GIVEN RECORDS -
BEGIN

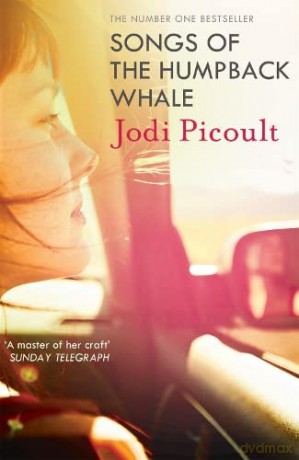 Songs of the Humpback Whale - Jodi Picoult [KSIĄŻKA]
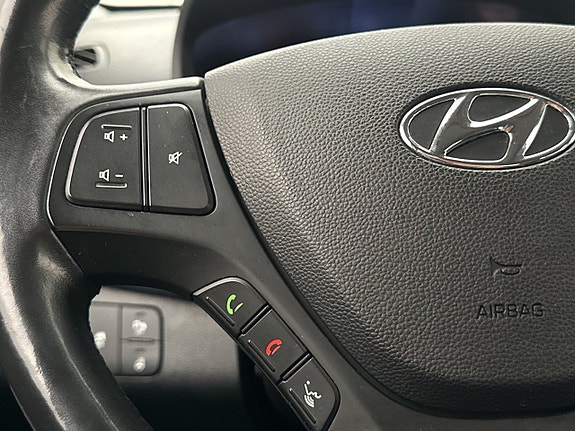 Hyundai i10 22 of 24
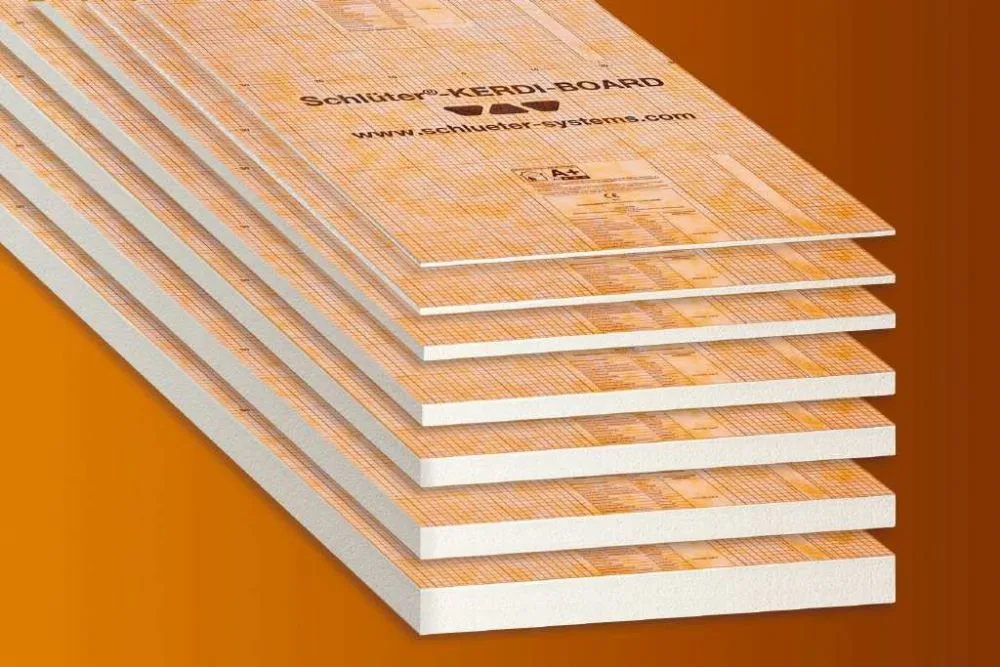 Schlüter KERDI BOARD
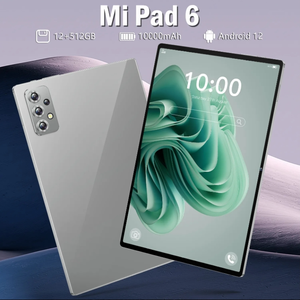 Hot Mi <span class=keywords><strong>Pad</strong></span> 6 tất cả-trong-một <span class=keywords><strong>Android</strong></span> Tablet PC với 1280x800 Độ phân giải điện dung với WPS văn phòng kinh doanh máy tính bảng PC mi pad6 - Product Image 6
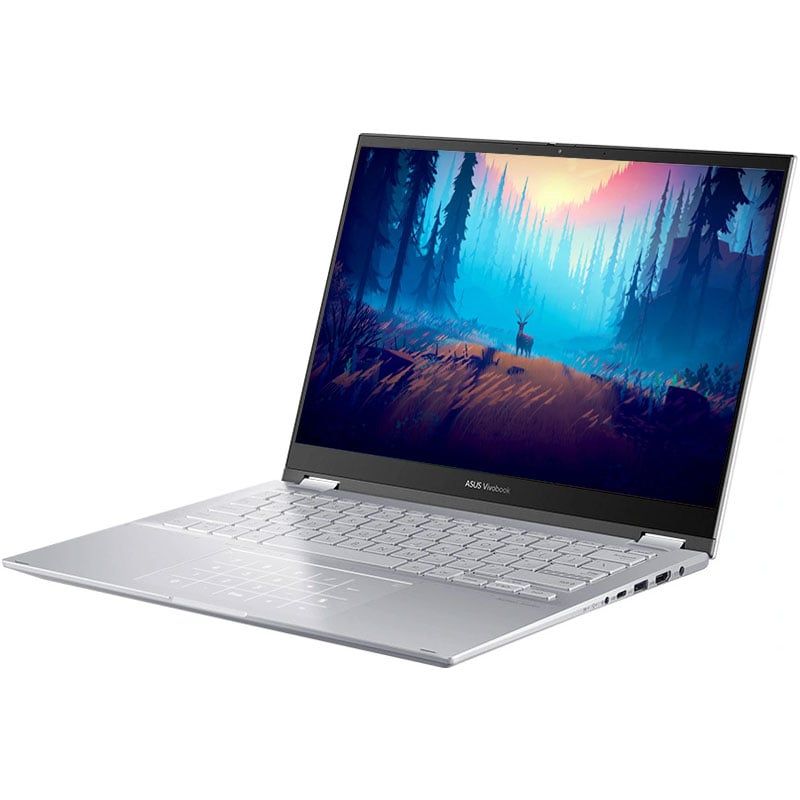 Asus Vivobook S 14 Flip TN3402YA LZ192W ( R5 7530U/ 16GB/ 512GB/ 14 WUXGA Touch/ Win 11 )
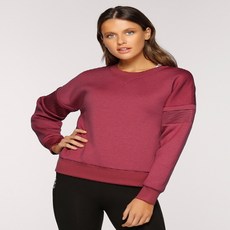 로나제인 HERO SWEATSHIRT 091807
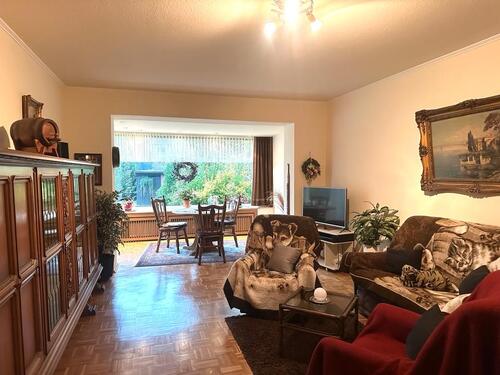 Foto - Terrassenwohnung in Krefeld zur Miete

END
BEGIN

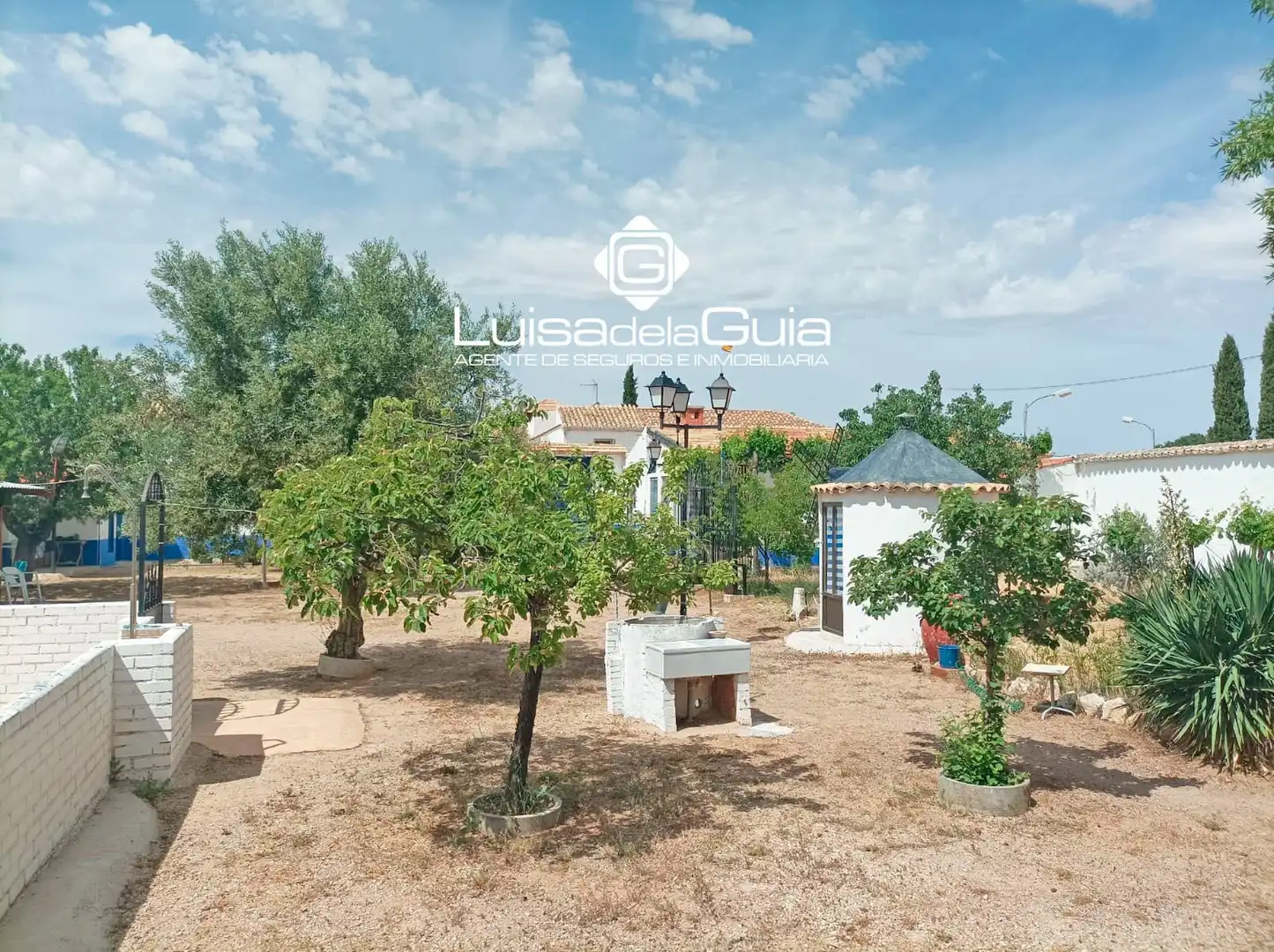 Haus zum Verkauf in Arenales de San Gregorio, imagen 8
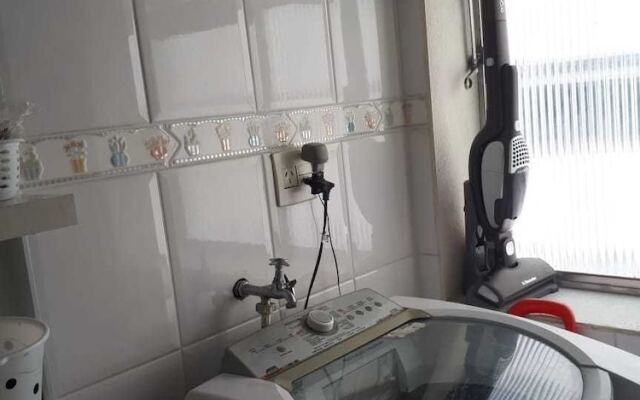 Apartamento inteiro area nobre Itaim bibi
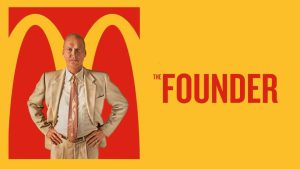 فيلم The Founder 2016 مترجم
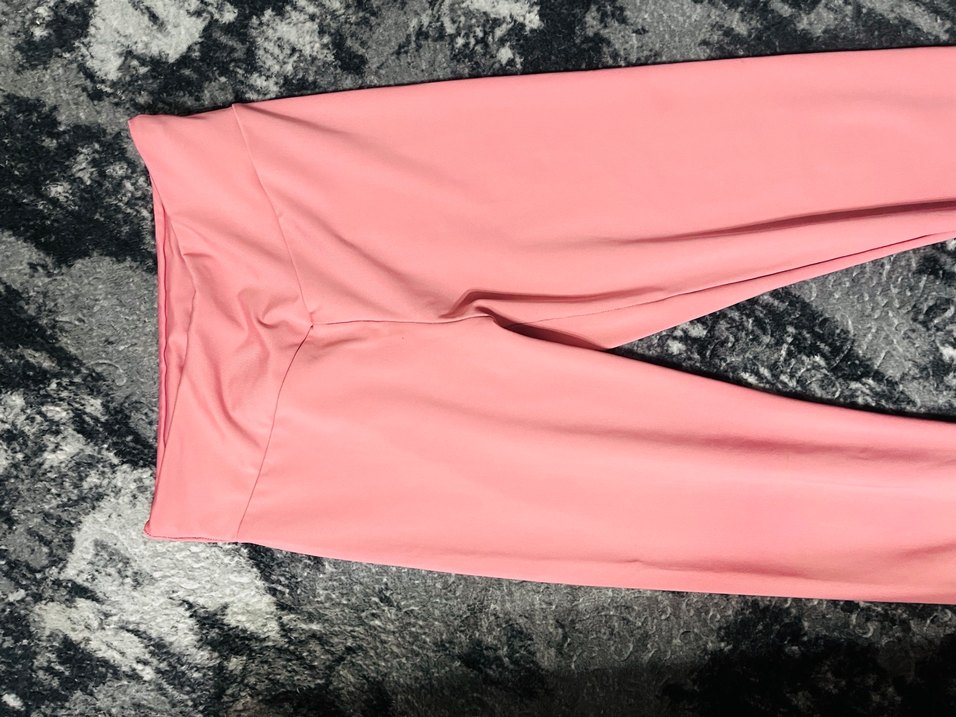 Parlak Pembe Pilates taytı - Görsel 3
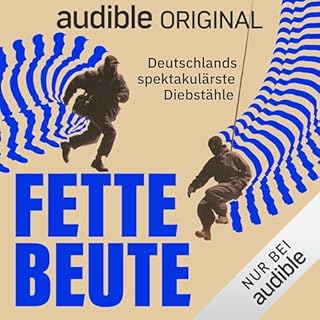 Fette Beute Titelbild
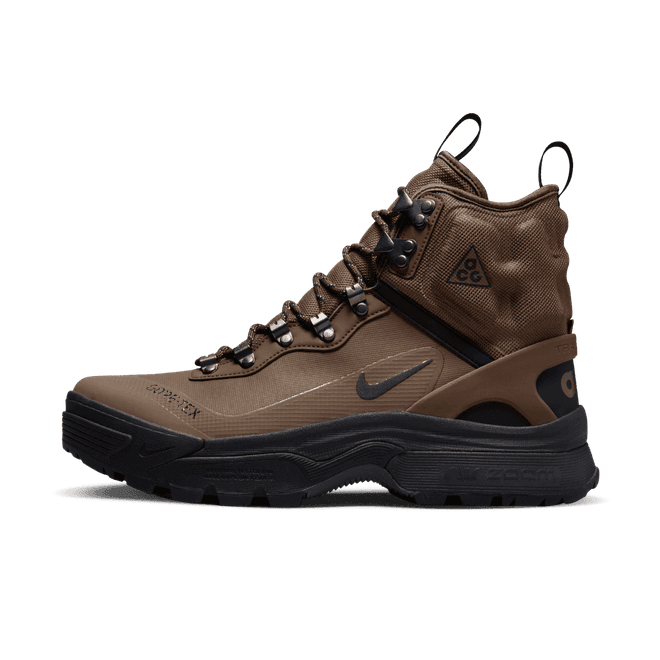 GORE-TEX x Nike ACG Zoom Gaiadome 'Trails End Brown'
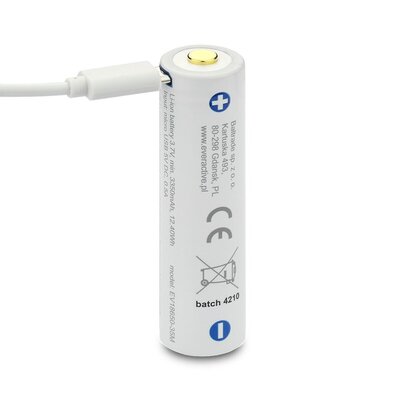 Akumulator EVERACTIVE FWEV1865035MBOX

END
BEGIN

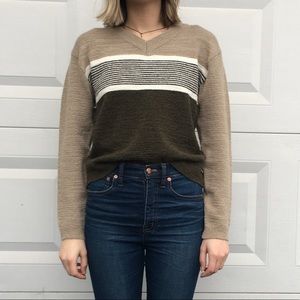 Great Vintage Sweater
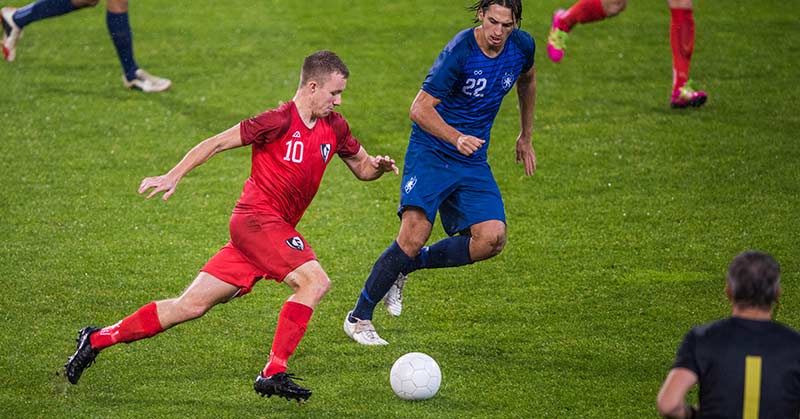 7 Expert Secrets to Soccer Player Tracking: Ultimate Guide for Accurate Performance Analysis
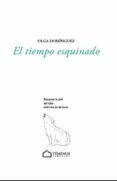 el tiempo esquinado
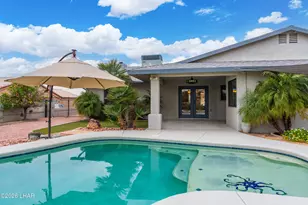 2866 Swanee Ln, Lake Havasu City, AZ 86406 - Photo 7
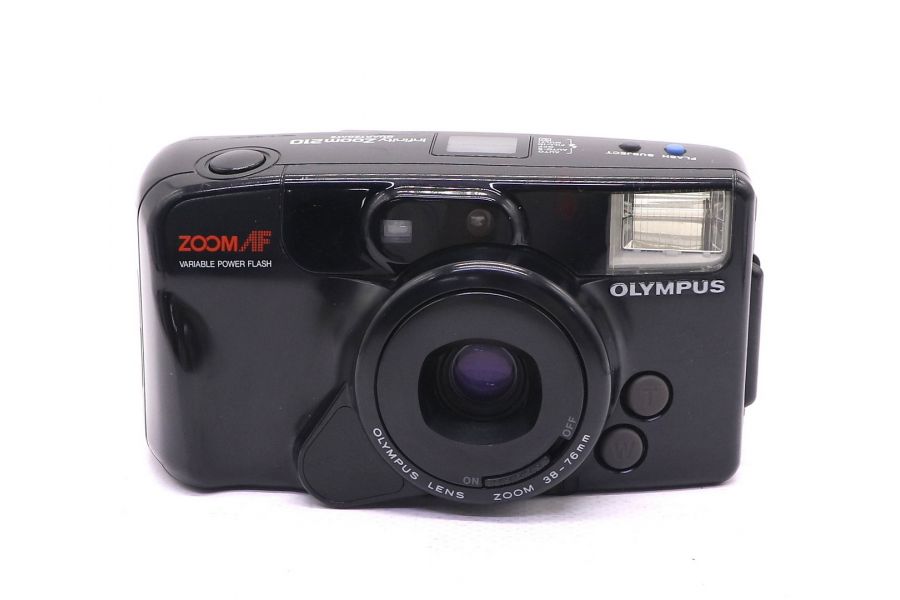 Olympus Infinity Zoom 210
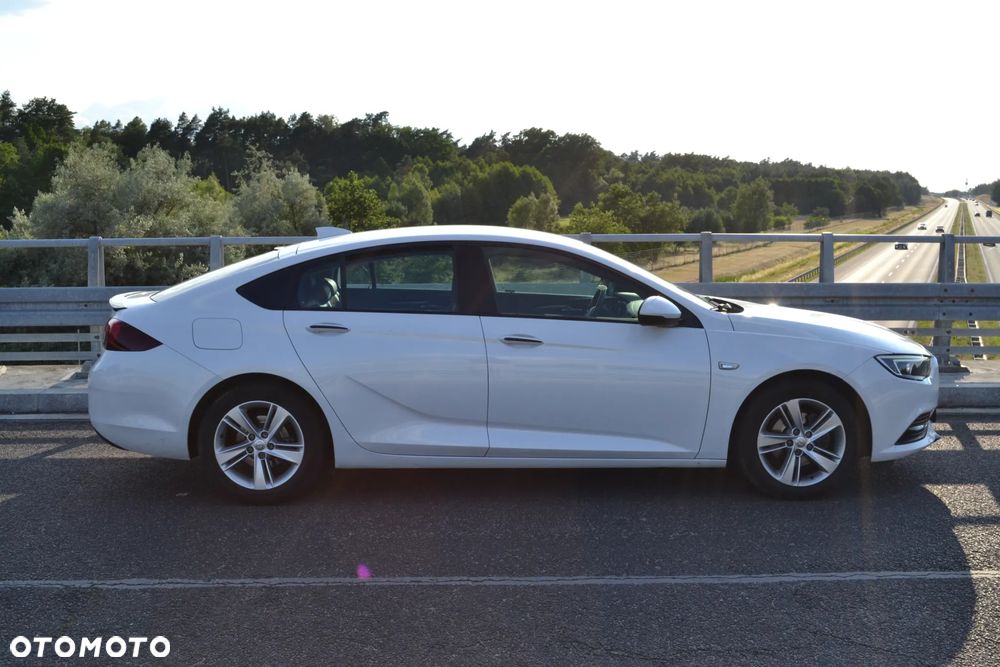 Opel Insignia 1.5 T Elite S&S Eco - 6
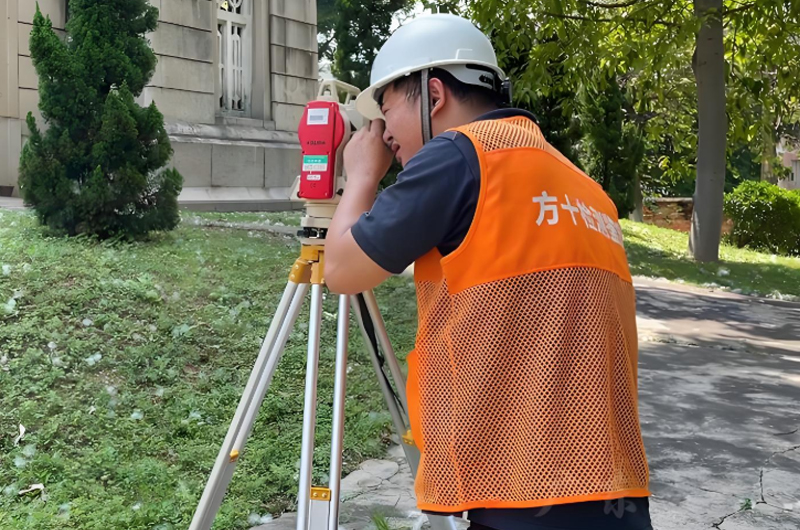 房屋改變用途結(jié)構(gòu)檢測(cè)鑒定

END

Would you output only the span of the records above that opens with the line containing "Fette Beute Titelbild" and closes with the line containing "Akumulator EVERACTIVE FWEV1865035MBOX", ends included and pictures dropped?

WRITTEN RESPONSE -
 Fette Beute Titelbild
 GORE-TEX x Nike ACG Zoom Gaiadome 'Trails End Brown'
 Akumulator EVERACTIVE FWEV1865035MBOX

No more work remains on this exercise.